Jun 11

Minhas canelas doem, muito. Tentei voltar a correr hoje depois de duas semanas parado…a dor que eu senti, a pior, mais até do que quando corri a primeira vez. A solução é treinar diariamente até que eu me acostume com a dor. Sempre resolve.

Está frio, aqui dentro…eu estou frio, distante. Não tenho saco para as pessoas ao meu redor. Para seus joguinhos e angústias.

Amanhã é um dia diferente, dia que representa muito pra tudo isso que vivo. Há dois anos atrás, recém terminado de um longo namoro e, sendo a parte que foi largada, era eu a curtir a fossa enquanto sabia que a ex já estava feliz da vida em um novo namoro. Nesses casos conseguimos ser melodramáticos e masoquistas ao extremo, imaginando tudo que não precisamos…
A minha mudança para São Paulo estava marcada, e já tinha distrubuído alguns currículos por email de maneira descomprometida. Acabara de perder meu alicerce e estava desolado. O plano para o dia 12 daquele ano: comprar umas garrafas de vinho e me embriagar no meu quarto. Porém a vida me pregou uma peça, naquela tarde recebi um email, de um amigo que mora em SP (no apto onde vivo hoje) avisando que tinham ligado de uma tal Fundação Cásper Líbero, e que queriam marcar uma entrevista, deixaram telefone e tudo, o interesse era grande. Uma boa dose de esperança para um moribundo. Bom, tudo deu certo, a entrevista foi marcada para o dia 14/junho, duas da tarde no 900 da Paulista, e lá estou até hoje.

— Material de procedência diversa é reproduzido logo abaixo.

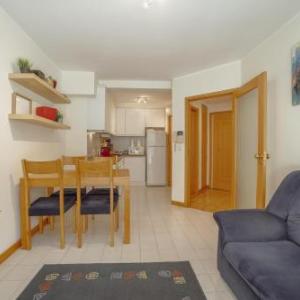 Downtown Trindade Apartment With Terrace by Vacationy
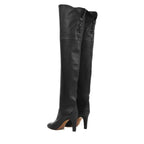 Chloé Eve Over-The-Knee Boots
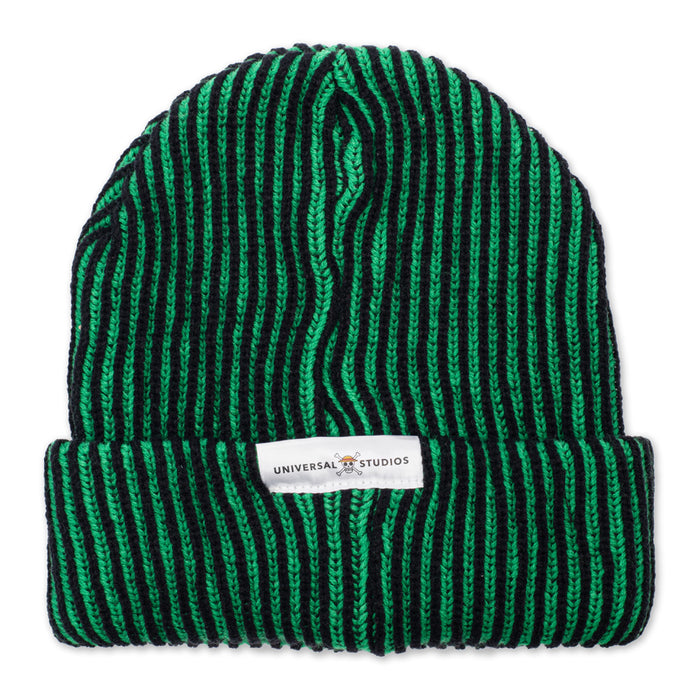 Universal Fan Fest Nights 2026 One Piece Roronoa Zoro Beanie
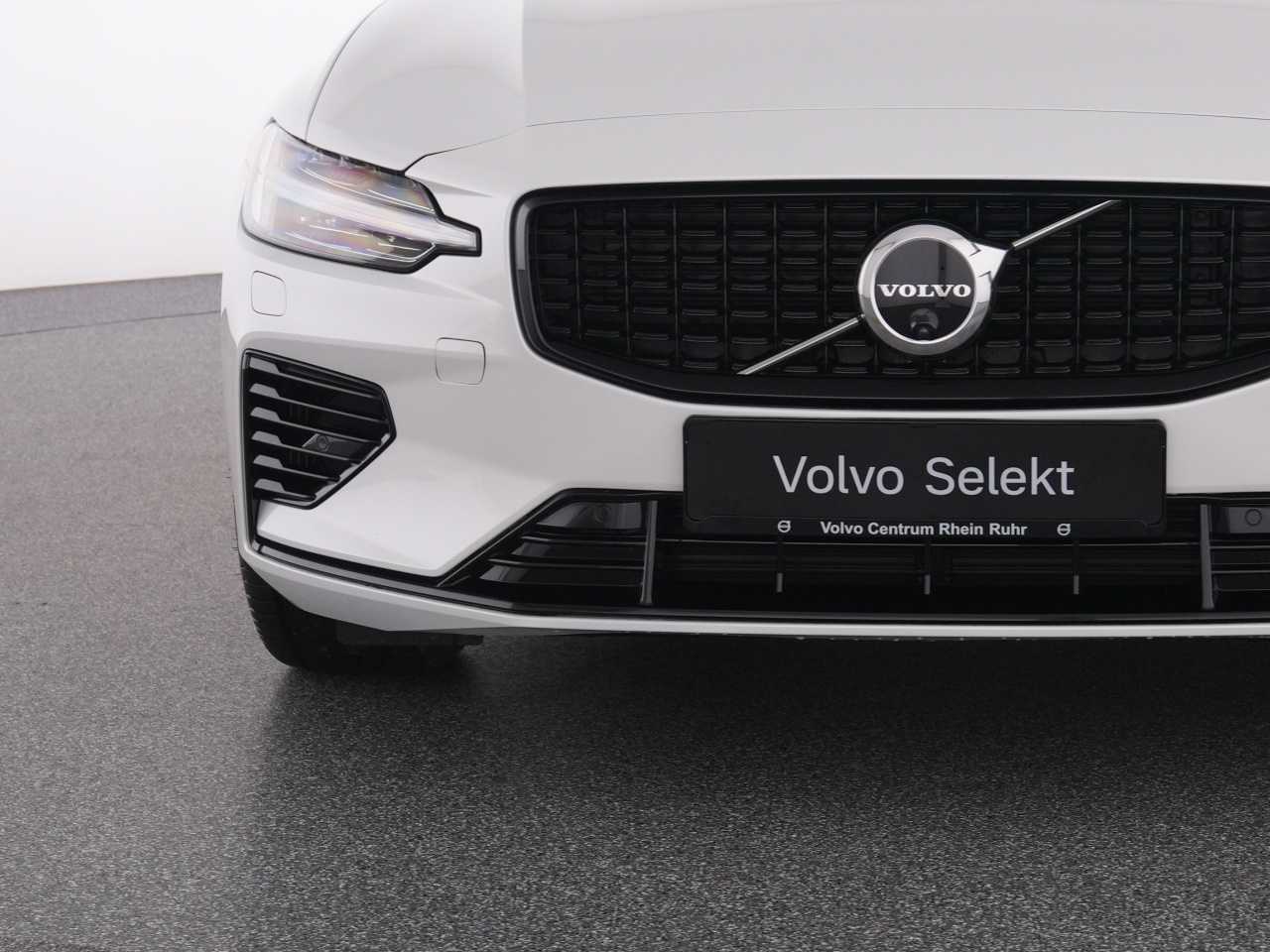 Volvo V60 – Bild 17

A esperança é mesmo uma merda, estragou todos os meus planos de curtir aquela fossa, e venho curtindo ela de maneira suave, até os dias de hoje. É como uma droga, quando você cria esperança, sim, porque ela não vem sozinha, precisa se apoiar em algo, ela te faz ter delírios, te faz quase tocar nos seus sonhos, dopa o seu cérebro.

O problema dela é quando o efeito passa, quando você volta ao mundo real, e ele te machuca ainda mais do que antes, ele cospe na sua cara, te chama de otário sonhador, não te resta opção, precisa encarar todos de frente e levantar a cabeça. E nesse momento você é o durão…É BOSTA, por dentro você está destruído…

Mas não deixo nada disso me abalar, no fim das contas, todos temos esperança, somos todos viciados nela…e faz que todos nós sejamos patéticos. E alguém com os mesmos problemas que eu não tem força para me atingir.

Então, o que posso dizer mais? Feliz Dia dos Namorados pra vocês também. E para aqueles que como eu passará sozinho, esperança sempre…um dia você encontra a pessoa certa. ;)

Jun 8

Durante todo o meu crescimento agi de maneira determinada, corri atrás, nem sabia ao certo o que queria. Sabia sim o que não queria, continuar sendo um caipira fudido, sem um pai, e viver uma vida de merda sendo entregador de panfleto de pizzaria e me divertindo com o pão e circo de sempre. (nada contra isso tudo, mas eu sei que posso mais)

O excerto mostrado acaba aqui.